(Stored items)
•••••

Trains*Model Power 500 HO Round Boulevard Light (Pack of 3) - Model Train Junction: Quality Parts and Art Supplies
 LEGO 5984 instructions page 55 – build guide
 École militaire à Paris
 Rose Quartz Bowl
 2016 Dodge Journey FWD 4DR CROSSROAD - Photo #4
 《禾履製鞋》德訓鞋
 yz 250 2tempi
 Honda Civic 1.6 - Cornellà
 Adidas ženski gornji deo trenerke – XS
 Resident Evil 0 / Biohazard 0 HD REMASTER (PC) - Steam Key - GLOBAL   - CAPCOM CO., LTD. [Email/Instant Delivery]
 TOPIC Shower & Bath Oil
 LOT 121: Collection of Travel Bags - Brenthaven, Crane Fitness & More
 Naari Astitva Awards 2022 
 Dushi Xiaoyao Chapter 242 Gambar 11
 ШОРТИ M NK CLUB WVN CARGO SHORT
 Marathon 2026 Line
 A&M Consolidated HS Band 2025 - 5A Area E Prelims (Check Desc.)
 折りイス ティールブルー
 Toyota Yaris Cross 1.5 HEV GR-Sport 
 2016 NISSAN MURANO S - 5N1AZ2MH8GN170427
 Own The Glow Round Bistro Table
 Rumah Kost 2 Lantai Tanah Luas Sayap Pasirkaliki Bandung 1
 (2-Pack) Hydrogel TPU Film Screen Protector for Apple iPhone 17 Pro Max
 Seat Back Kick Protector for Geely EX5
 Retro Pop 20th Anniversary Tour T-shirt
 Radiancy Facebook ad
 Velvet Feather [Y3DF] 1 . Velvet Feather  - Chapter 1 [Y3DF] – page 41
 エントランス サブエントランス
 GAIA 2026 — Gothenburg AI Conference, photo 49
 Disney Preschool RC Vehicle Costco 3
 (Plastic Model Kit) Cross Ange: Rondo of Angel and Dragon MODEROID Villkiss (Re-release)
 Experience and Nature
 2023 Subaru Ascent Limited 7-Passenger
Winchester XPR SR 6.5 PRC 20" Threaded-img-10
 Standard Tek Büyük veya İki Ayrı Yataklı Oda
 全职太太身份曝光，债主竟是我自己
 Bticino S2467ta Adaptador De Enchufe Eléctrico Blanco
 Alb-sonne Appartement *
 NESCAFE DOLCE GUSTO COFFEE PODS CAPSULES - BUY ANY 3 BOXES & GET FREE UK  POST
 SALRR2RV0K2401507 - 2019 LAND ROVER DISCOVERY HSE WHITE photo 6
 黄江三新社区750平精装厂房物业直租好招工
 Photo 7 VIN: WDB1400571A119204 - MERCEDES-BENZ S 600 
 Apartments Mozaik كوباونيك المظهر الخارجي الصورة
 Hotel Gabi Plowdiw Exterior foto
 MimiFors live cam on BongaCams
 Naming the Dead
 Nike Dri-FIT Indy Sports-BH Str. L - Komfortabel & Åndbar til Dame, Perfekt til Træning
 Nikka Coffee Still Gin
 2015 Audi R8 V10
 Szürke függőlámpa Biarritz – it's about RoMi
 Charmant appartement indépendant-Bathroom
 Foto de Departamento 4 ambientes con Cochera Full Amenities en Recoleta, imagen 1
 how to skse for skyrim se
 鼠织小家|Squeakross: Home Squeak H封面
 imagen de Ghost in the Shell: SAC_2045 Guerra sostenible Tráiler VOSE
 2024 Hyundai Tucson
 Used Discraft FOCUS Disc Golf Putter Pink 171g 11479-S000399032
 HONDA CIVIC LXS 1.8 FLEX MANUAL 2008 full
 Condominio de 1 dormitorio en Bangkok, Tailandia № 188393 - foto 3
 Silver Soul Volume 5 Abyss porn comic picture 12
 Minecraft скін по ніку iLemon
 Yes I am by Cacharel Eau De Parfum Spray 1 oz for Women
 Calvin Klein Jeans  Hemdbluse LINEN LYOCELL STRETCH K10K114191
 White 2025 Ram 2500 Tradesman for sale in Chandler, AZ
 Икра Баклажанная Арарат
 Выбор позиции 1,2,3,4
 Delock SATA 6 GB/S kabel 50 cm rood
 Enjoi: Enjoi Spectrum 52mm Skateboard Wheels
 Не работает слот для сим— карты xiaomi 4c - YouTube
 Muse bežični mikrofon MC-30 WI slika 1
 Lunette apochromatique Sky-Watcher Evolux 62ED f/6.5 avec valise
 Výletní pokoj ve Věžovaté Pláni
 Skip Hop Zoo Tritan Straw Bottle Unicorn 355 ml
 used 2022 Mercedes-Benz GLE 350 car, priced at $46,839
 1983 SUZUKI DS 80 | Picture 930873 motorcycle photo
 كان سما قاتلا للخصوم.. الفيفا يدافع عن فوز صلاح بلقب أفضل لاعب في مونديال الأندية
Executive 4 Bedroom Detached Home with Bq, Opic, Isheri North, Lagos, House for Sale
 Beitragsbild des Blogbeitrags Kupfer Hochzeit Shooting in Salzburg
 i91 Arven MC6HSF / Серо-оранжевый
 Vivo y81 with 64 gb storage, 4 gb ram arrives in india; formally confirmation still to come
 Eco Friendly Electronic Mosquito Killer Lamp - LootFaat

•••••

* TASK GOAL:
Every record must appear in the answer exactly as written.

* THE ANSWER:
Trains*Model Power 500 HO Round Boulevard Light (Pack of 3) - Model Train Junction: Quality Parts and Art Supplies
 LEGO 5984 instructions page 55 – build guide
 École militaire à Paris
 Rose Quartz Bowl
 2016 Dodge Journey FWD 4DR CROSSROAD - Photo #4
 《禾履製鞋》德訓鞋
 yz 250 2tempi
 Honda Civic 1.6 - Cornellà
 Adidas ženski gornji deo trenerke – XS
 Resident Evil 0 / Biohazard 0 HD REMASTER (PC) - Steam Key - GLOBAL   - CAPCOM CO., LTD. [Email/Instant Delivery]
 TOPIC Shower & Bath Oil
 LOT 121: Collection of Travel Bags - Brenthaven, Crane Fitness & More
 Naari Astitva Awards 2022 
 Dushi Xiaoyao Chapter 242 Gambar 11
 ШОРТИ M NK CLUB WVN CARGO SHORT
 Marathon 2026 Line
 A&M Consolidated HS Band 2025 - 5A Area E Prelims (Check Desc.)
 折りイス ティールブルー
 Toyota Yaris Cross 1.5 HEV GR-Sport 
 2016 NISSAN MURANO S - 5N1AZ2MH8GN170427
 Own The Glow Round Bistro Table
 Rumah Kost 2 Lantai Tanah Luas Sayap Pasirkaliki Bandung 1
 (2-Pack) Hydrogel TPU Film Screen Protector for Apple iPhone 17 Pro Max
 Seat Back Kick Protector for Geely EX5
 Retro Pop 20th Anniversary Tour T-shirt
 Radiancy Facebook ad
 Velvet Feather [Y3DF] 1 . Velvet Feather  - Chapter 1 [Y3DF] – page 41
 エントランス サブエントランス
 GAIA 2026 — Gothenburg AI Conference, photo 49
 Disney Preschool RC Vehicle Costco 3
 (Plastic Model Kit) Cross Ange: Rondo of Angel and Dragon MODEROID Villkiss (Re-release)
 Experience and Nature
 2023 Subaru Ascent Limited 7-Passenger
Winchester XPR SR 6.5 PRC 20" Threaded-img-10
 Standard Tek Büyük veya İki Ayrı Yataklı Oda
 全职太太身份曝光，债主竟是我自己
 Bticino S2467ta Adaptador De Enchufe Eléctrico Blanco
 Alb-sonne Appartement *
 NESCAFE DOLCE GUSTO COFFEE PODS CAPSULES - BUY ANY 3 BOXES & GET FREE UK  POST
 SALRR2RV0K2401507 - 2019 LAND ROVER DISCOVERY HSE WHITE photo 6
 黄江三新社区750平精装厂房物业直租好招工
 Photo 7 VIN: WDB1400571A119204 - MERCEDES-BENZ S 600 
 Apartments Mozaik كوباونيك المظهر الخارجي الصورة
 Hotel Gabi Plowdiw Exterior foto
 MimiFors live cam on BongaCams
 Naming the Dead
 Nike Dri-FIT Indy Sports-BH Str. L - Komfortabel & Åndbar til Dame, Perfekt til Træning
 Nikka Coffee Still Gin
 2015 Audi R8 V10
 Szürke függőlámpa Biarritz – it's about RoMi
 Charmant appartement indépendant-Bathroom
 Foto de Departamento 4 ambientes con Cochera Full Amenities en Recoleta, imagen 1
 how to skse for skyrim se
 鼠织小家|Squeakross: Home Squeak H封面
 imagen de Ghost in the Shell: SAC_2045 Guerra sostenible Tráiler VOSE
 2024 Hyundai Tucson
 Used Discraft FOCUS Disc Golf Putter Pink 171g 11479-S000399032
 HONDA CIVIC LXS 1.8 FLEX MANUAL 2008 full
 Condominio de 1 dormitorio en Bangkok, Tailandia № 188393 - foto 3
 Silver Soul Volume 5 Abyss porn comic picture 12
 Minecraft скін по ніку iLemon
 Yes I am by Cacharel Eau De Parfum Spray 1 oz for Women
 Calvin Klein Jeans  Hemdbluse LINEN LYOCELL STRETCH K10K114191
 White 2025 Ram 2500 Tradesman for sale in Chandler, AZ
 Икра Баклажанная Арарат
 Выбор позиции 1,2,3,4
 Delock SATA 6 GB/S kabel 50 cm rood
 Enjoi: Enjoi Spectrum 52mm Skateboard Wheels
 Не работает слот для сим— карты xiaomi 4c - YouTube
 Muse bežični mikrofon MC-30 WI slika 1
 Lunette apochromatique Sky-Watcher Evolux 62ED f/6.5 avec valise
 Výletní pokoj ve Věžovaté Pláni
 Skip Hop Zoo Tritan Straw Bottle Unicorn 355 ml
 used 2022 Mercedes-Benz GLE 350 car, priced at $46,839
 1983 SUZUKI DS 80 | Picture 930873 motorcycle photo
 كان سما قاتلا للخصوم.. الفيفا يدافع عن فوز صلاح بلقب أفضل لاعب في مونديال الأندية
Executive 4 Bedroom Detached Home with Bq, Opic, Isheri North, Lagos, House for Sale
 Beitragsbild des Blogbeitrags Kupfer Hochzeit Shooting in Salzburg
 i91 Arven MC6HSF / Серо-оранжевый
 Vivo y81 with 64 gb storage, 4 gb ram arrives in india; formally confirmation still to come
 Eco Friendly Electronic Mosquito Killer Lamp - LootFaat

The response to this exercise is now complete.